### [AIM OF THE TASK]
Word for word, restate the lines from the top of the records below through the line with "Apply it below", both included, with no pictures in the result.

─── DATASET RECORDS

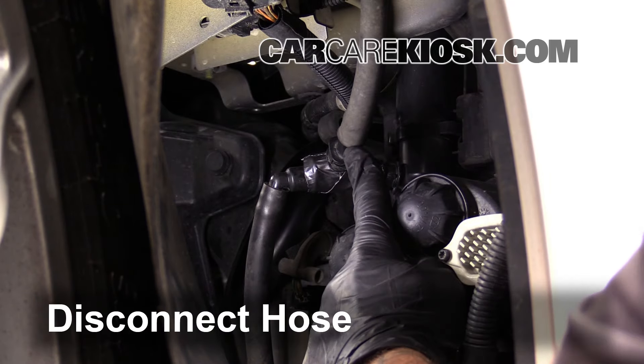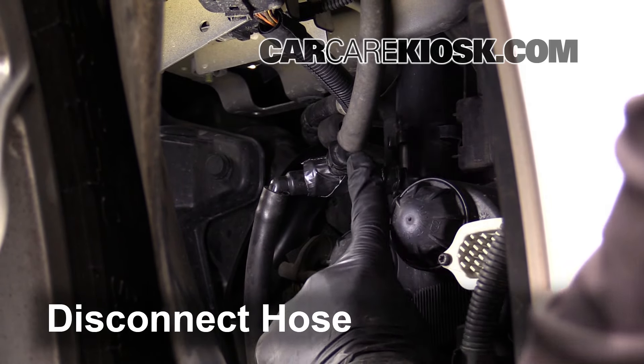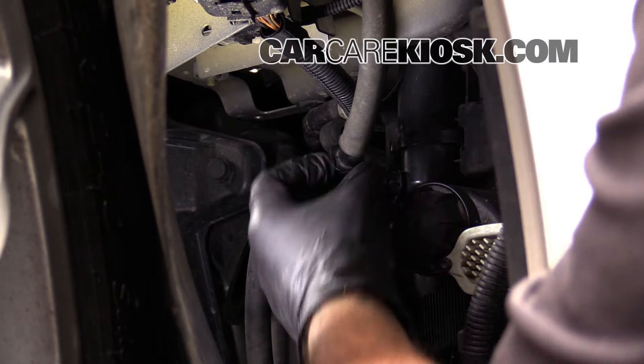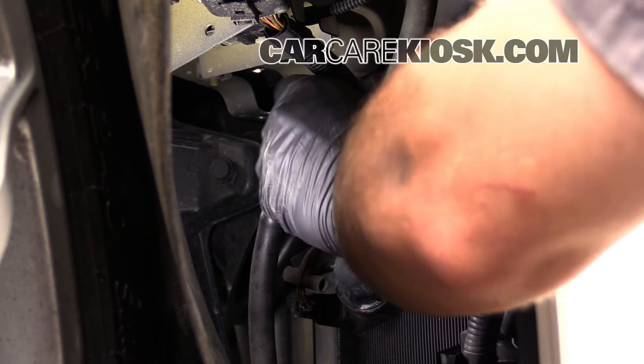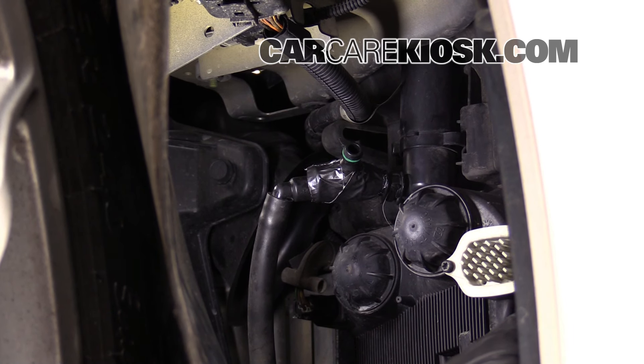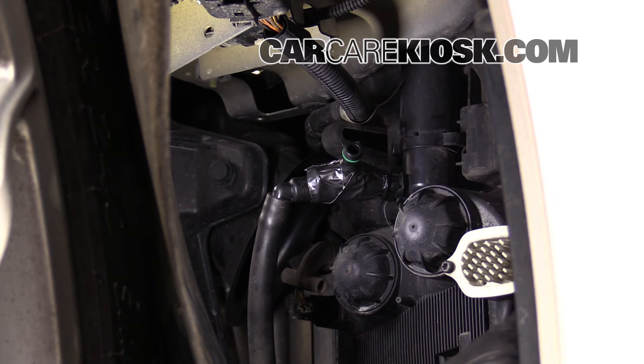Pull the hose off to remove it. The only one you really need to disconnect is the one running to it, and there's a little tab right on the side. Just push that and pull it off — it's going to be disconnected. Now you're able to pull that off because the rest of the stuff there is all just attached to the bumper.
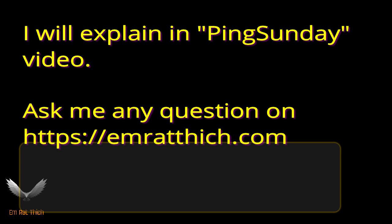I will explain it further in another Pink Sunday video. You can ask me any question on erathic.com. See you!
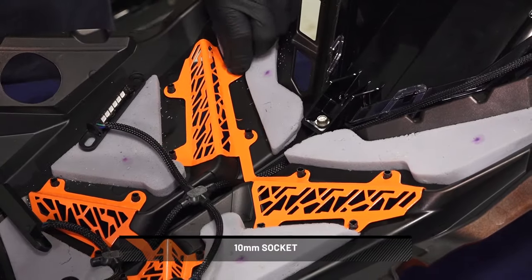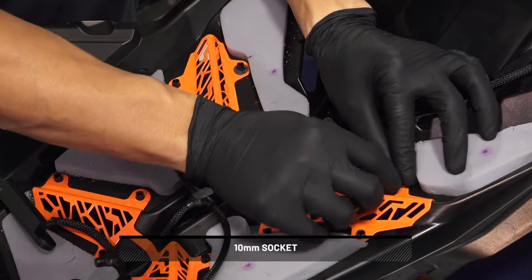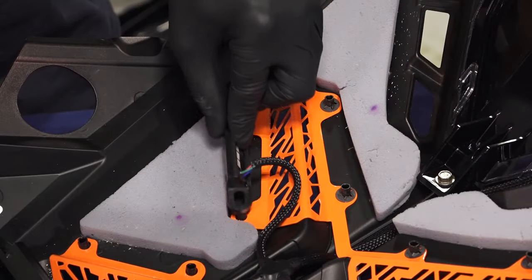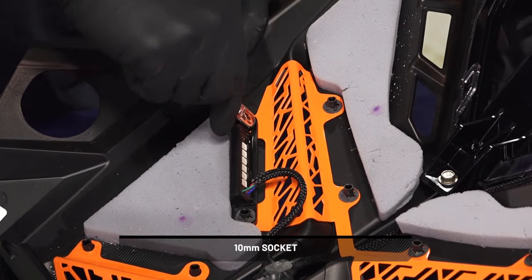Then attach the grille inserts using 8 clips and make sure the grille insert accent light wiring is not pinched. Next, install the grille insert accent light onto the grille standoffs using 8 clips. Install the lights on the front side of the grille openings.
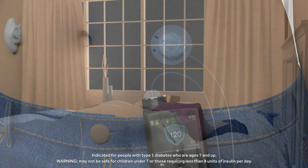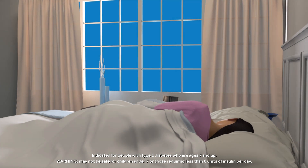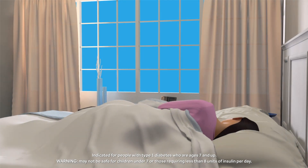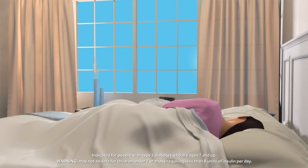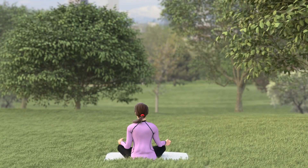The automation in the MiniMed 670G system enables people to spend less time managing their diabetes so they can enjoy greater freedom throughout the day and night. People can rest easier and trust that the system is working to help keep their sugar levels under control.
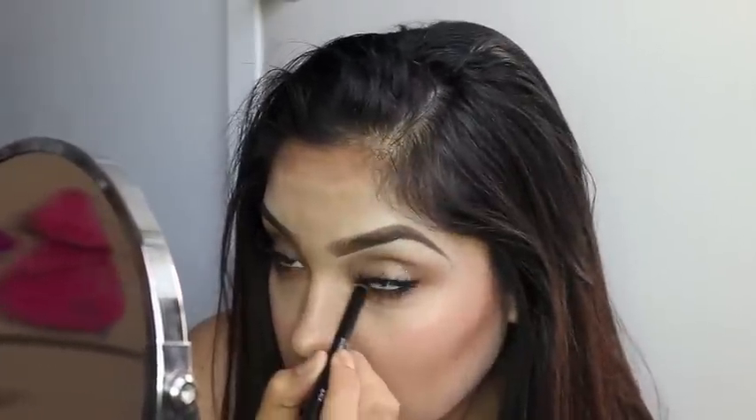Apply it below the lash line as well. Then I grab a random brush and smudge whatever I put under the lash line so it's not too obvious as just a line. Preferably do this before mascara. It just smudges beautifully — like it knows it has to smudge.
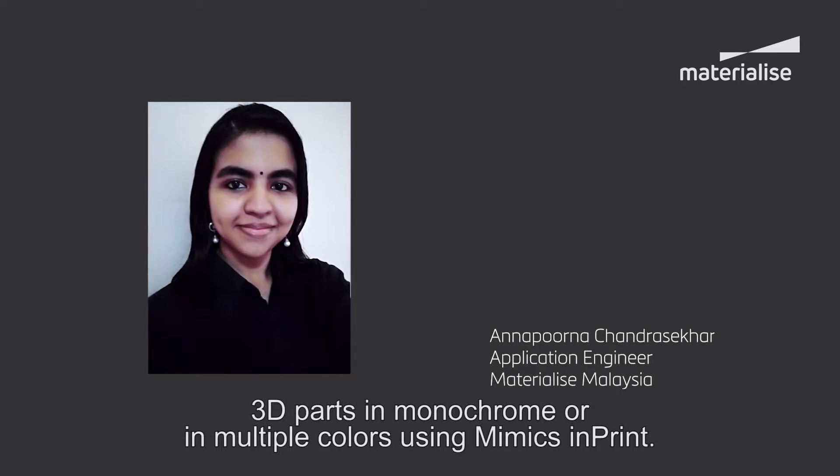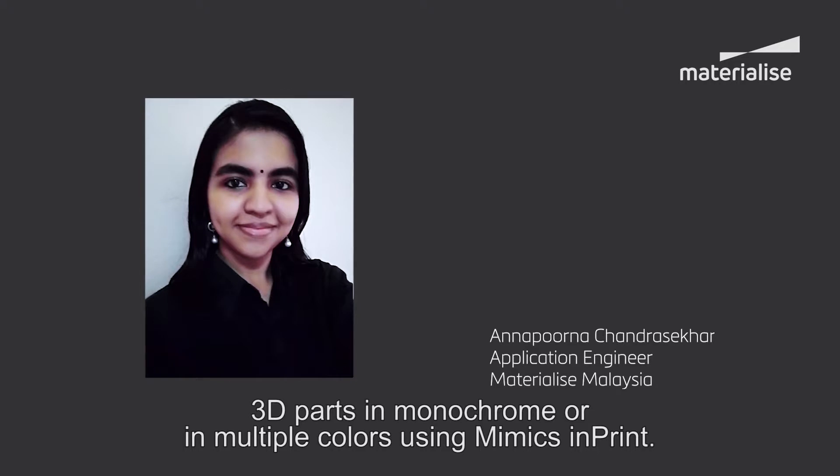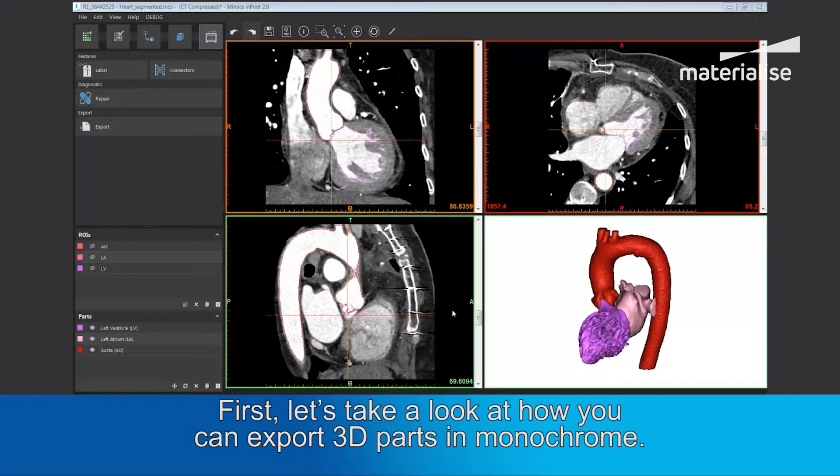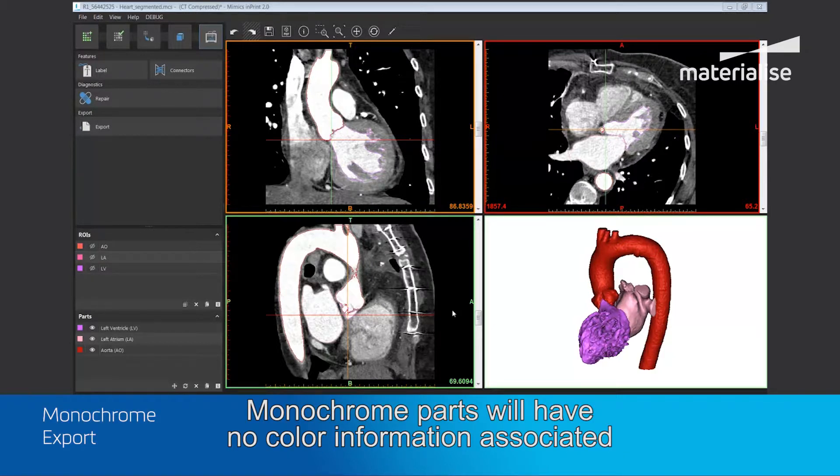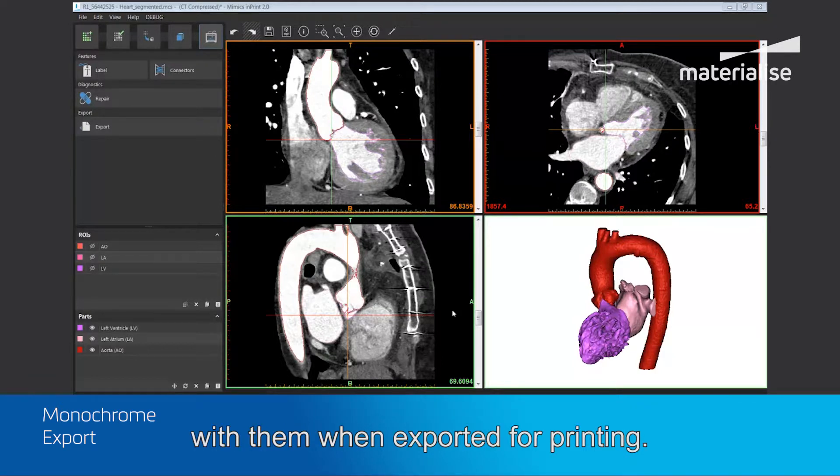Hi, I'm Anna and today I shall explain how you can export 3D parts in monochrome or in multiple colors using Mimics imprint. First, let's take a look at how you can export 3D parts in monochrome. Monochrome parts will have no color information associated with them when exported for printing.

──────

### [TASK ANSWER]
Pull the hose off to remove it. The only one you really need to disconnect is the one running to it, and there's a little tab right on the side. Just push that and pull it off — it's going to be disconnected. Now you're able to pull that off because the rest of the stuff there is all just attached to the bumper.
I will explain it further in another Pink Sunday video. You can ask me any question on erathic.com. See you!
Then attach the grille inserts using 8 clips and make sure the grille insert accent light wiring is not pinched. Next, install the grille insert accent light onto the grille standoffs using 8 clips. Install the lights on the front side of the grille openings.
The automation in the MiniMed 670G system enables people to spend less time managing their diabetes so they can enjoy greater freedom throughout the day and night. People can rest easier and trust that the system is working to help keep their sugar levels under control.
Apply it below the lash line as well. Then I grab a random brush and smudge whatever I put under the lash line so it's not too obvious as just a line. Preferably do this before mascara. It just smudges beautifully — like it knows it has to smudge.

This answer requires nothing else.